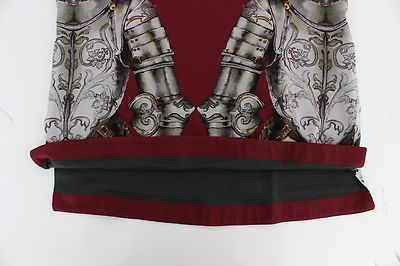 Pre-owned Dolce & Gabbana Red Knight Print Silk Blouse T-shirt Top It42/ Us8 /m Rrp $1200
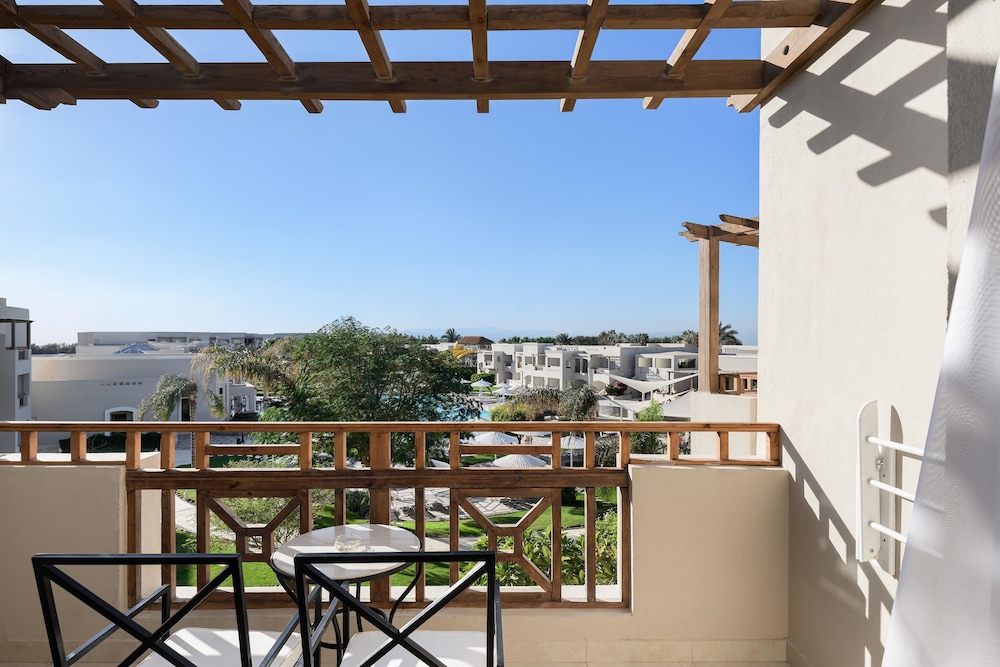 JAZ Casa Del Mar Resort — Hotel building in Hurghada, Red Sea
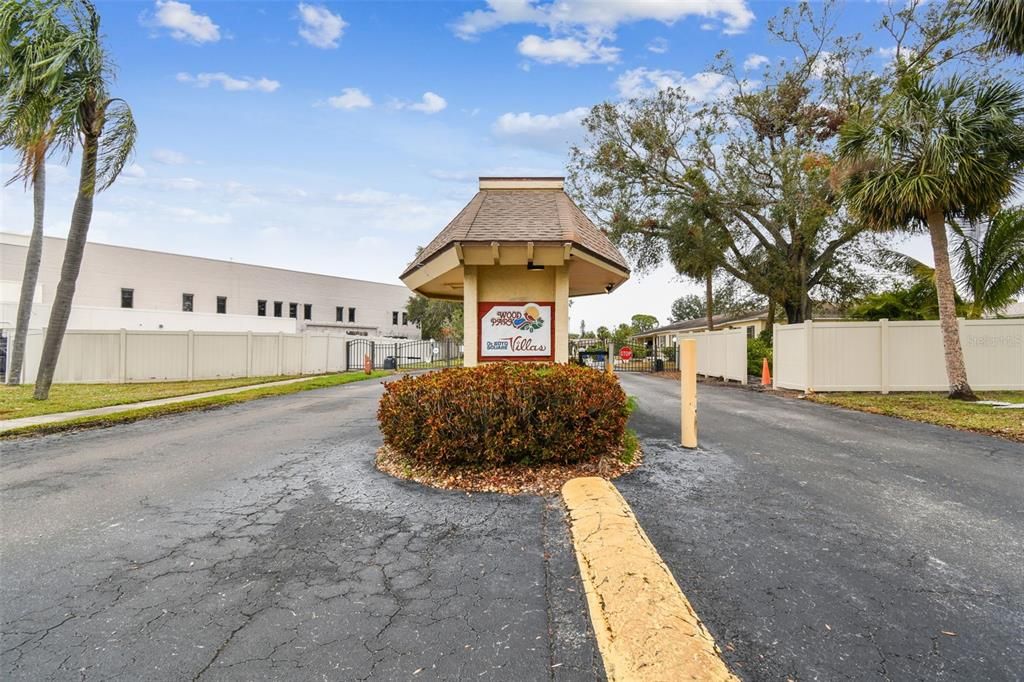 For Sale: $119,000 (1 beds, 1 baths, 924 Square Feet)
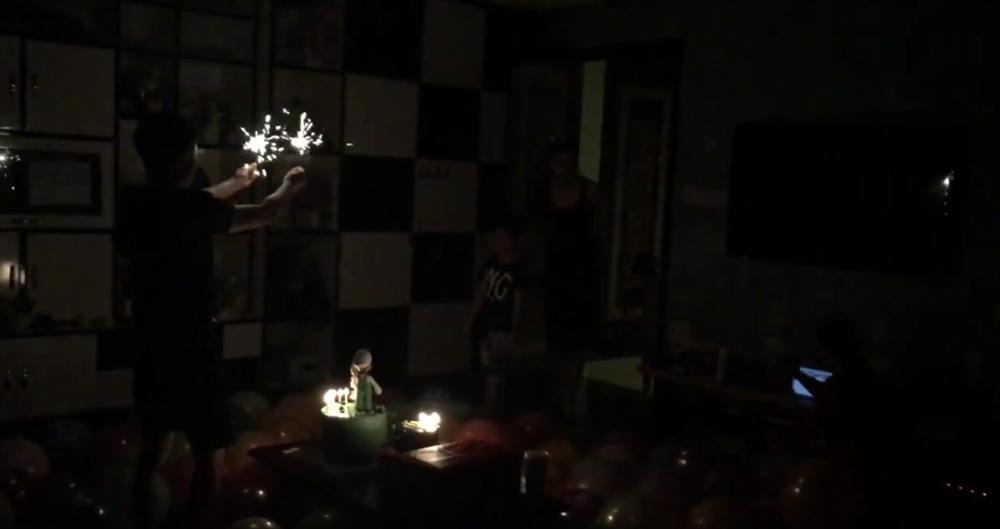 Dù gia đình ly tán, Subeo vẫn được tận hưởng 5 sinh nhật trọn vẹn với sự hiện diện của cả bố lẫn mẹ-7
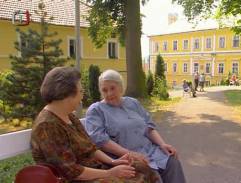 lavička v domove dôchodcov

TASK DIRECTIONS –
From the line with "JAZ Casa Del" to the last line above, restate each line word for word, but skip the pictures.

RESULT FOR THIS EXERCISE –
 JAZ Casa Del Mar Resort — Hotel building in Hurghada, Red Sea
 For Sale: $119,000 (1 beds, 1 baths, 924 Square Feet)
 Dù gia đình ly tán, Subeo vẫn được tận hưởng 5 sinh nhật trọn vẹn với sự hiện diện của cả bố lẫn mẹ-7
 lavička v domove dôchodcov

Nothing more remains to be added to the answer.